February 12, 2015

Project Myriad Brings Hadoop Closer to Mesos

Alex Woodie

One of the challenges of running Hadoop is resource management. The process of spinning up and managing hundreds, if not tens of thousands, of server nodes in a Hadoop cluster—and spinning them down and moving them, etc.–is way too hard to do manually. Automation must come to the table to help Hadoop take the next step forward in its evolution. The big question is how it will unfold.

One answer to that question came to the forefront yesterday when a group of companies led by MapR Technologies and Mesosphere unveiled Myriad, a new project that aims to enable Hadoop jobs running under Apache YARN to be managed using the Mesos resource manager for data centers.
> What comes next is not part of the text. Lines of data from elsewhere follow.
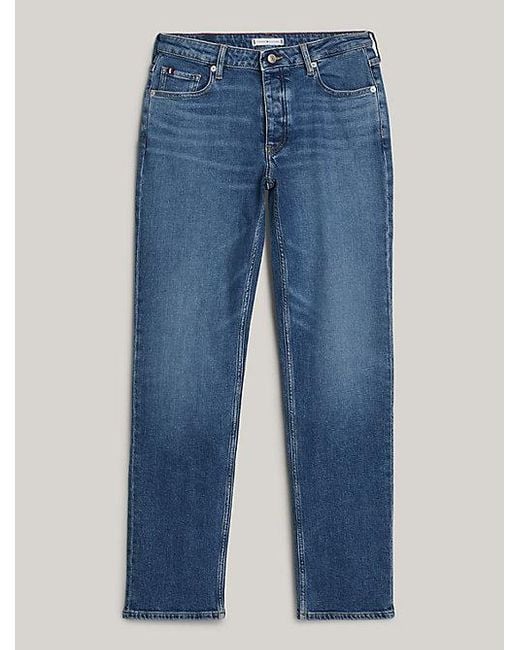 Tommy Hilfiger Blue Adaptive Classics Straight Jeans mit mittelhohem Bund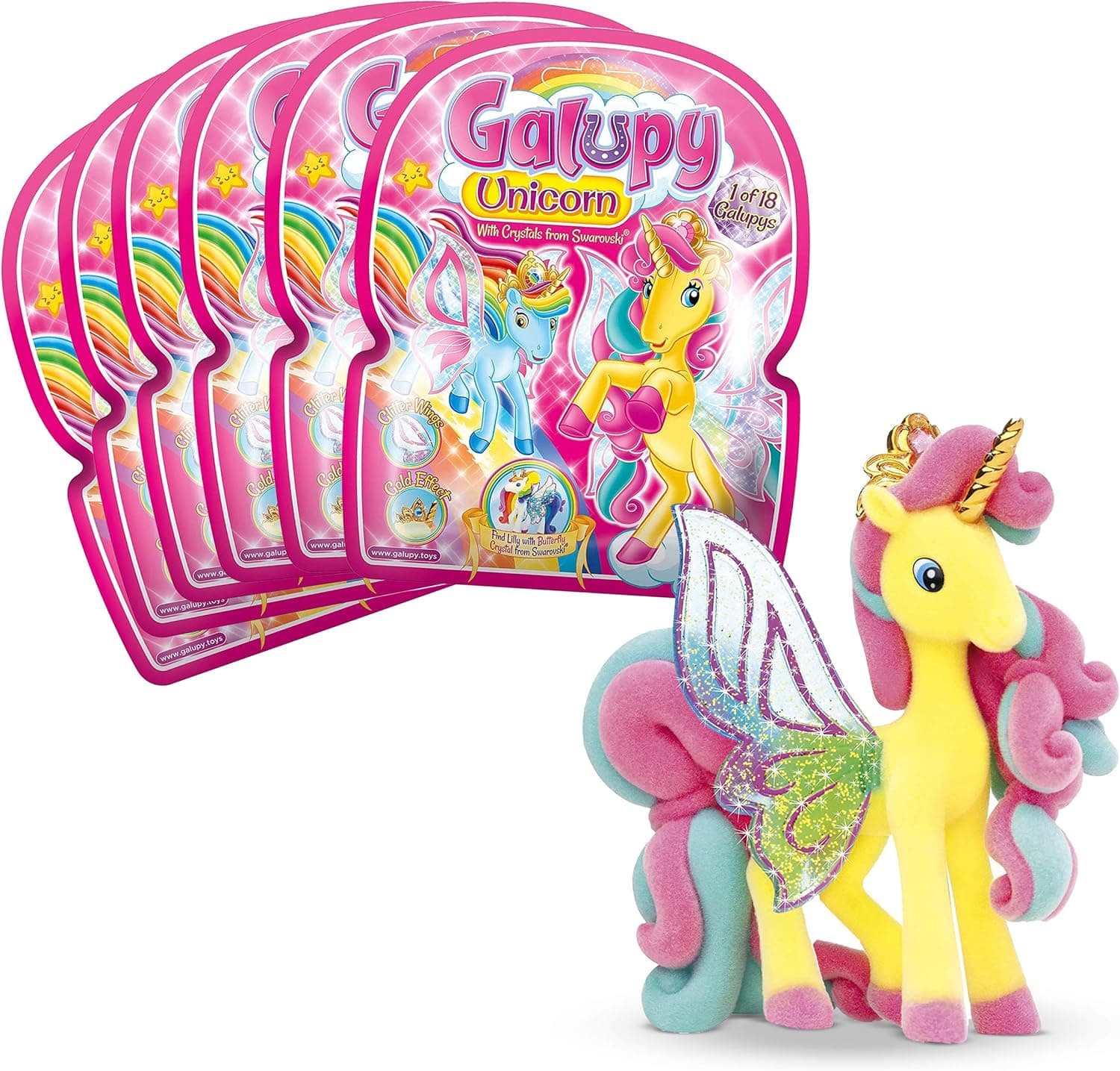 Galupy 27752 | Conjunto de 6 figuras colecionáveis de unicórnio para crianças
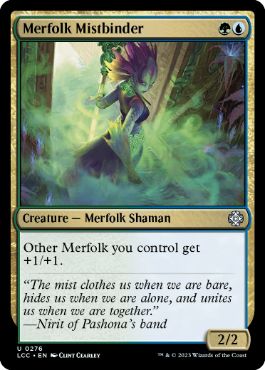 《マーフォークの霧縛り/Merfolk Mistbinder》[LCC] 金U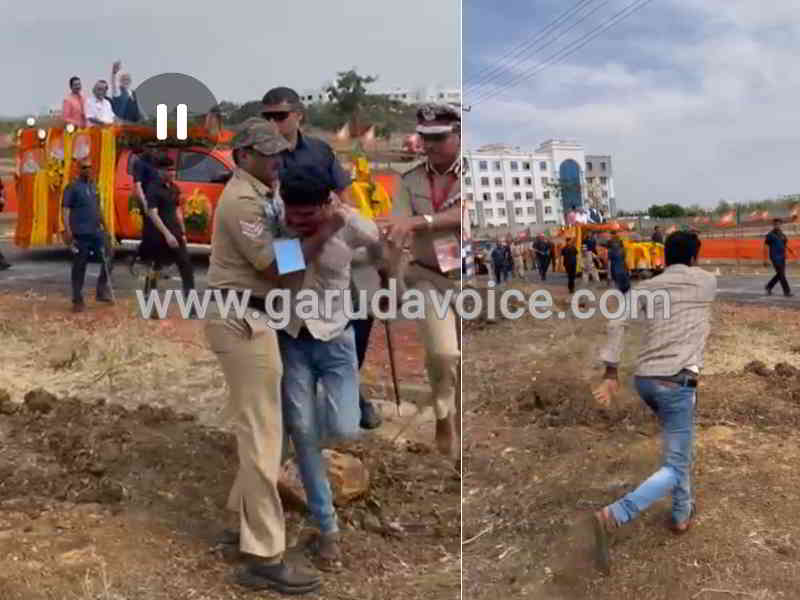 Exclusive: ಮೋದಿ ರೋಡ್ ಶೋ ವೇಳೆ ಸೆಕ್ಯೂರಿಟಿ ಲೋಪ.!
The goal of the Myriad project—which is being hosted on GitHub and counts EBay and Twitter as contributors–is to deliver code that effectively unites Apache YARN and Apache Mesos, the data center operating system (DCOS) and resource manager that was developed at Cal Berkeley’s AMPLab and today is managed by Mesosphere. According to Mesosphere, DCOS is a new kind of operating system that organizes all of ones machines, virtual machines, and cloud instances into a single pool of shared resources. It runs atop Linux and is already used in production by Twitter, Netflix and Airbnb.

With Myriad, any YARN-compatible Hadoop jobs–such as Spark, MapReduce, Pig, or Hive–will be able to run on the same hardware as other non-Hadoop applications. This could be anything from streaming applications like Storm or Kafka, management tools for developers like Jenkins, HPC jobs running under MPI, and regular old Web server workloads.

Myriad brings together both major resource managers for Hadoop and other important apps, says Florian Leibert, CEO and co-founder of Mesosphere. “Big data developers no longer have to choose between YARN and Mesos for managing clusters,” Leibert says in a press release. “Myriad allows you to run both, and to run all of your big data workloads and distributed applications and systems on a single pool of resources.”

The Mesos DCOS, according to Mesosphere.

Jack Norris, chief marketing officer for MapR, says Myriad delivers the tools that Hadoop users are asking for in the area of cluster management. “One of the motivations with EBay and Twitter is that they have extensive use of Hadoop and they have Web servers that are provisioned for peak and have long periods of low utilization,” he tells Datanami. “The ability to use Myriad to fill those long periods of low utilization with some Hadoop workload and then pull those off in anticipation of peak demand, that provides additional efficiency within the data center.”

Obviously, not every Hadoop user is going to be so heavily invested in data center hardware that they need Myriad to unite operational and analytic workloads on the same cluster. Companies like Twitter and EBay have hundreds of thousands of nodes to manage, if not millions, so even small percentage gains in efficiency translate into lots of dollars saved. A similar dynamic is in effect at HPC sites, where organizations want to start incorporating big data analytic technologies like Hadoop and Spark, but are loathe to dedicate their entire supercomputer to such tasks.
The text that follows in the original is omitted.